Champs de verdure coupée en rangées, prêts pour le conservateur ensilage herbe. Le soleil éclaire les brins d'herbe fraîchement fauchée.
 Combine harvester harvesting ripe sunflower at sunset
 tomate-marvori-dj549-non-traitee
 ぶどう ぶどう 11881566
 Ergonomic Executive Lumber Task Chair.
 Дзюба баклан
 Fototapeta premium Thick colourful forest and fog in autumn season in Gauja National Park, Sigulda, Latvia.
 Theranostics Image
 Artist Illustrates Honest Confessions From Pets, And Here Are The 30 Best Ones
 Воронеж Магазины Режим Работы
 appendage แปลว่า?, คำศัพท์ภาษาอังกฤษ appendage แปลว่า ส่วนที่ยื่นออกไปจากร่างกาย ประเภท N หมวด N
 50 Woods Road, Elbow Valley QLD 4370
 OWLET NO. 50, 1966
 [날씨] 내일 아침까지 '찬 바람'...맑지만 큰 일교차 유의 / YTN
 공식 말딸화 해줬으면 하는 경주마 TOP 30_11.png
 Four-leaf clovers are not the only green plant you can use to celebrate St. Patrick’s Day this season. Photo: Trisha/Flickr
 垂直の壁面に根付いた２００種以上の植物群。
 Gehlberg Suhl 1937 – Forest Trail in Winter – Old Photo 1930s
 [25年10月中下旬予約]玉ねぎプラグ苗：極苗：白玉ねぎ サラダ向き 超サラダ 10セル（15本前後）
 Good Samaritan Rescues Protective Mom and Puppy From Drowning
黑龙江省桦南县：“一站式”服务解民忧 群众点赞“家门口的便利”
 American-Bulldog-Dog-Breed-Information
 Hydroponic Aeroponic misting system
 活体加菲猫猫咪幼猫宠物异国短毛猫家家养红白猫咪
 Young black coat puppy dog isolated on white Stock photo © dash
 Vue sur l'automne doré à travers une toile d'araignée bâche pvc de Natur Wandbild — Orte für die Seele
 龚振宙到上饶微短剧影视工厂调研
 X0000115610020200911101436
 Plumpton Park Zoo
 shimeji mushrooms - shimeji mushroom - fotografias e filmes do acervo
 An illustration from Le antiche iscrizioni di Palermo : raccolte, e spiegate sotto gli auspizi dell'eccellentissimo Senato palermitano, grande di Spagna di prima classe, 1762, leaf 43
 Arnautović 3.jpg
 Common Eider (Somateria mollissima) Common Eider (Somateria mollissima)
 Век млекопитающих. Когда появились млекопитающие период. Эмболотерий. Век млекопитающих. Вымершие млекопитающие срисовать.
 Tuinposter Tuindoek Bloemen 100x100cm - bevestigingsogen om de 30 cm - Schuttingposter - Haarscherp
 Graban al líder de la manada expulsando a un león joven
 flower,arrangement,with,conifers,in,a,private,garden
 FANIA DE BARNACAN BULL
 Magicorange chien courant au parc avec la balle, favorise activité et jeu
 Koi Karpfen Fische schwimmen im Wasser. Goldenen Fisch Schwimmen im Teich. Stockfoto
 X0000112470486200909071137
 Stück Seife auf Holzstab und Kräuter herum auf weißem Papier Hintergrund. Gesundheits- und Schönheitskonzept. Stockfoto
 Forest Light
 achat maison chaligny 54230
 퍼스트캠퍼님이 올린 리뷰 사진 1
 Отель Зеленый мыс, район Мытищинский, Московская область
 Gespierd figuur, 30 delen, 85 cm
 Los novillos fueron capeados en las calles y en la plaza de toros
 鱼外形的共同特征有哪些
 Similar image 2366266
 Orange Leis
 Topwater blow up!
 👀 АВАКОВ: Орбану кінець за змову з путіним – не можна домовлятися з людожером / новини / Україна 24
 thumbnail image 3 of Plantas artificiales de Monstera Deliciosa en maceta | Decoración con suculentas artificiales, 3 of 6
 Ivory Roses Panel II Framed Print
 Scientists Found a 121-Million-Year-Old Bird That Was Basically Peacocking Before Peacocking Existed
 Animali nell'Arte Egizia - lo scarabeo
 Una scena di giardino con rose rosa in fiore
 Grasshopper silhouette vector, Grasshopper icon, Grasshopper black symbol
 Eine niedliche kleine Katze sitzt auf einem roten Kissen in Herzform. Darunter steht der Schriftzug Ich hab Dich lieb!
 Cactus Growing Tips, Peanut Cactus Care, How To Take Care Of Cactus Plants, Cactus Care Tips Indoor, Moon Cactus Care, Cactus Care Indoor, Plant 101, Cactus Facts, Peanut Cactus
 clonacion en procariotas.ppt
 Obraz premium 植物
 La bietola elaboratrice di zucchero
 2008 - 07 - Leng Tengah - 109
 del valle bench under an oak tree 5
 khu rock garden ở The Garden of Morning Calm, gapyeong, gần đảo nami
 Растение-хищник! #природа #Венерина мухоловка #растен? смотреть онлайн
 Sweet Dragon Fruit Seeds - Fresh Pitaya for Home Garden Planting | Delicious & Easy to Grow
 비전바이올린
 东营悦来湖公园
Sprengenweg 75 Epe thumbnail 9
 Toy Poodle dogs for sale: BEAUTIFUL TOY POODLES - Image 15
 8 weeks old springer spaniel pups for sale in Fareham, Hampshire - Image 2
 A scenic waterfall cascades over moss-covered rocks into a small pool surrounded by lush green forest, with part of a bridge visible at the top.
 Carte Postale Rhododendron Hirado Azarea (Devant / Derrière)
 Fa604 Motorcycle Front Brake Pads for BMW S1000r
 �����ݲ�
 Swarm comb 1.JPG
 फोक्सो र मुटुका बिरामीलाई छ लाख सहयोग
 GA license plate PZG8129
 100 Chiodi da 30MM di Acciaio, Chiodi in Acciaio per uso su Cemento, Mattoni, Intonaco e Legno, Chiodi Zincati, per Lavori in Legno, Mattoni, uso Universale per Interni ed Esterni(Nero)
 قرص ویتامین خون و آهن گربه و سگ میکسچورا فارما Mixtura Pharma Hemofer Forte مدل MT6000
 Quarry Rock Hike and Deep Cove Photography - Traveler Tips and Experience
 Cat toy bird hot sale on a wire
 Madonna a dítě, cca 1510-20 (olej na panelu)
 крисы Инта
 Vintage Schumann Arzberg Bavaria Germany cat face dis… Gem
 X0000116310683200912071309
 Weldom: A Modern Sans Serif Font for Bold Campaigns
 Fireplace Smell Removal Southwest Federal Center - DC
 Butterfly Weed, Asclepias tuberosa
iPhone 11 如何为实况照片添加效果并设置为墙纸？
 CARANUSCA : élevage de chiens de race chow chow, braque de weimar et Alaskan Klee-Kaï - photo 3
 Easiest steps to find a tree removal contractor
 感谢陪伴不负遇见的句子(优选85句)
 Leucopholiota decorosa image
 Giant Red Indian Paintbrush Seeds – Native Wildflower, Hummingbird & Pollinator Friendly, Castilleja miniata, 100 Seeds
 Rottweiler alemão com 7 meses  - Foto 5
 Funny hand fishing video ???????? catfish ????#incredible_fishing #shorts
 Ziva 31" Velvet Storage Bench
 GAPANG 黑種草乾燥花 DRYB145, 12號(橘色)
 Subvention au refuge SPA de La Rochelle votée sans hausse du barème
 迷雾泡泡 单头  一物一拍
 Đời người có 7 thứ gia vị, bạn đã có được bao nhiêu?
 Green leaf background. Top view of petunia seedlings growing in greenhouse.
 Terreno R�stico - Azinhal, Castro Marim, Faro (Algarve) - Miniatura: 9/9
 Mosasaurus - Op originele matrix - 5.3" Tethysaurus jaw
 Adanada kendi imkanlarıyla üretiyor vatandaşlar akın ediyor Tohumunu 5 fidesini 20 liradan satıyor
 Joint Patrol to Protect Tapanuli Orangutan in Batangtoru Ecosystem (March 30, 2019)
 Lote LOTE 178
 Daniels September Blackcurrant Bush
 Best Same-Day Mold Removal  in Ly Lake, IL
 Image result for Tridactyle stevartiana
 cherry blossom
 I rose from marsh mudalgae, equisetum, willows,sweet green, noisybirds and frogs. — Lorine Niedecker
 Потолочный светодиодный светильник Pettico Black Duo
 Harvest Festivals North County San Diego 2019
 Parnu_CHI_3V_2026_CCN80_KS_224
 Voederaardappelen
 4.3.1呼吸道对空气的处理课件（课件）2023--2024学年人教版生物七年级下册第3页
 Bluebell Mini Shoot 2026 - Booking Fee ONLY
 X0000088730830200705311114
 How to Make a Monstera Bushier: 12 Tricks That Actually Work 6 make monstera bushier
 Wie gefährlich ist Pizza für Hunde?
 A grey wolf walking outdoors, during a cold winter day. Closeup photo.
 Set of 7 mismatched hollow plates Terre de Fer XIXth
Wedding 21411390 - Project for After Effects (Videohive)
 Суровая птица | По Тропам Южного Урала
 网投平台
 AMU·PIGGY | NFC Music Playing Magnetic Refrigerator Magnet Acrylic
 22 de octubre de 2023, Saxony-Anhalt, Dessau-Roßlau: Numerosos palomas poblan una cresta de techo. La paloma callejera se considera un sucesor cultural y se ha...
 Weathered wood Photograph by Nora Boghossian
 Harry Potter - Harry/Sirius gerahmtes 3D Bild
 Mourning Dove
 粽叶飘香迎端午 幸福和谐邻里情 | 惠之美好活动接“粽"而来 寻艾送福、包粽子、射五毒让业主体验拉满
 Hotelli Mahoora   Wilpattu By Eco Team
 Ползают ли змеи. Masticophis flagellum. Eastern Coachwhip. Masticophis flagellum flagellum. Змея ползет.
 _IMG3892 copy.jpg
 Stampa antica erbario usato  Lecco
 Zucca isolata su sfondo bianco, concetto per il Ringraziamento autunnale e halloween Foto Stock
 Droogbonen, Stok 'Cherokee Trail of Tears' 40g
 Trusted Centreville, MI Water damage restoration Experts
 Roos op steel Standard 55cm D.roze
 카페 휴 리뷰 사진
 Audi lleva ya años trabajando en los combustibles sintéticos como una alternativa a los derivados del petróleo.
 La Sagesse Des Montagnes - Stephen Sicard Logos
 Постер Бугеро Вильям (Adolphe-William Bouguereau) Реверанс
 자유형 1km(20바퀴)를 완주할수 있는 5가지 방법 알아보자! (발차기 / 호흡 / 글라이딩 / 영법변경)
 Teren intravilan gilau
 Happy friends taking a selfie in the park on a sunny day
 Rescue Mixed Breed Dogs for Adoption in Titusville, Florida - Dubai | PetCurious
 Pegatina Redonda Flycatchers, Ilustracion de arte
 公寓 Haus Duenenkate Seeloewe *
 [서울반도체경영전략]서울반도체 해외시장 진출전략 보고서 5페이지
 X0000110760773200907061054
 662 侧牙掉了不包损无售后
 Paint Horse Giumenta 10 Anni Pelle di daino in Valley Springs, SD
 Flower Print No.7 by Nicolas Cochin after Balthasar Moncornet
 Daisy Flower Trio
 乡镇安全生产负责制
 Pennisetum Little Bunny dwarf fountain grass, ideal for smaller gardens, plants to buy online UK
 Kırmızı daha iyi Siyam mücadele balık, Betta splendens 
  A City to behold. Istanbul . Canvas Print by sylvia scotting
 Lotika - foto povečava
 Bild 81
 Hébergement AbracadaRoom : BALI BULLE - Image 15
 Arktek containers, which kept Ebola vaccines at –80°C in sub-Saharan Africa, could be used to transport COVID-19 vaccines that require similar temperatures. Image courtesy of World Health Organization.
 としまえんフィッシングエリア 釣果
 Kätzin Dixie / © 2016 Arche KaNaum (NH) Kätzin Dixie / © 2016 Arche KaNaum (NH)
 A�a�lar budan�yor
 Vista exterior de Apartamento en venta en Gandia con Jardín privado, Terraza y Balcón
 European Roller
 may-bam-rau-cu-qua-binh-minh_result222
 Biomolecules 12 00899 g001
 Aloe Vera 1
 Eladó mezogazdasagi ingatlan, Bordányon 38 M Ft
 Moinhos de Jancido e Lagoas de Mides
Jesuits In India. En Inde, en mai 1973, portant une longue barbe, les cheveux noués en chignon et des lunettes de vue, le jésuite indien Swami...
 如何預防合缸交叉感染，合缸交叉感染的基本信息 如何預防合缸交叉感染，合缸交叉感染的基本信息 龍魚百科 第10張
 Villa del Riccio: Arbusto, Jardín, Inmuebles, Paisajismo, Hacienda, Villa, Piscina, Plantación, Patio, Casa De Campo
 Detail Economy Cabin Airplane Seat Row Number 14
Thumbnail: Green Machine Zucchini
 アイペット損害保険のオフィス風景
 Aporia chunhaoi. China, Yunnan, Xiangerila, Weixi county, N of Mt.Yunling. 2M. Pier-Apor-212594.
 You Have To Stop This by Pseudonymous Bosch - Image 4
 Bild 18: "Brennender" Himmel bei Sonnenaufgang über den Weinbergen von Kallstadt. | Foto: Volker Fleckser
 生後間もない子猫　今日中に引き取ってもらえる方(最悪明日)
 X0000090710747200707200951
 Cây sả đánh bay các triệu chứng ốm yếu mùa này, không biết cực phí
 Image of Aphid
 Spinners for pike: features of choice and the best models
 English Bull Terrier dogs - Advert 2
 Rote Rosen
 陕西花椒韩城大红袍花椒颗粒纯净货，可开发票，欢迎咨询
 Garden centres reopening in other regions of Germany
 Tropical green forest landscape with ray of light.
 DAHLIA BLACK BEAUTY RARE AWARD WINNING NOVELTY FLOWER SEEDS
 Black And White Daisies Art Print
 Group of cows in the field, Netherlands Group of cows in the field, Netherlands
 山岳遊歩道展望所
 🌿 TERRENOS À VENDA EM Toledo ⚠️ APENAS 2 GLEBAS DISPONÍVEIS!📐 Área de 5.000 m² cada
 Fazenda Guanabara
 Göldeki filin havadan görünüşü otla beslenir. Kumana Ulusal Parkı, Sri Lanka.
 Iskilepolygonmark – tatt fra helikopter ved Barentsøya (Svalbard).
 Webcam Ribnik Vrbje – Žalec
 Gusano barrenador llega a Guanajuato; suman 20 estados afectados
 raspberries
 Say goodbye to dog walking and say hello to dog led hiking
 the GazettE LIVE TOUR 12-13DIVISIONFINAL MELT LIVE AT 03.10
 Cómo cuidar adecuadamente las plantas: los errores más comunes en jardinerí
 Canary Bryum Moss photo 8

REQUIRED WORK | Of the lines above, retype only those from the line containing "Kırmızı daha iyi" through the line containing "Jesuits In India.", including both, exactly.

RESPONSE BOX |
 Kırmızı daha iyi Siyam mücadele balık, Betta splendens 
  A City to behold. Istanbul . Canvas Print by sylvia scotting
 Lotika - foto povečava
 Bild 81
 Hébergement AbracadaRoom : BALI BULLE - Image 15
 Arktek containers, which kept Ebola vaccines at –80°C in sub-Saharan Africa, could be used to transport COVID-19 vaccines that require similar temperatures. Image courtesy of World Health Organization.
 としまえんフィッシングエリア 釣果
 Kätzin Dixie / © 2016 Arche KaNaum (NH) Kätzin Dixie / © 2016 Arche KaNaum (NH)
 A�a�lar budan�yor
 Vista exterior de Apartamento en venta en Gandia con Jardín privado, Terraza y Balcón
 European Roller
 may-bam-rau-cu-qua-binh-minh_result222
 Biomolecules 12 00899 g001
 Aloe Vera 1
 Eladó mezogazdasagi ingatlan, Bordányon 38 M Ft
 Moinhos de Jancido e Lagoas de Mides
Jesuits In India. En Inde, en mai 1973, portant une longue barbe, les cheveux noués en chignon et des lunettes de vue, le jésuite indien Swami...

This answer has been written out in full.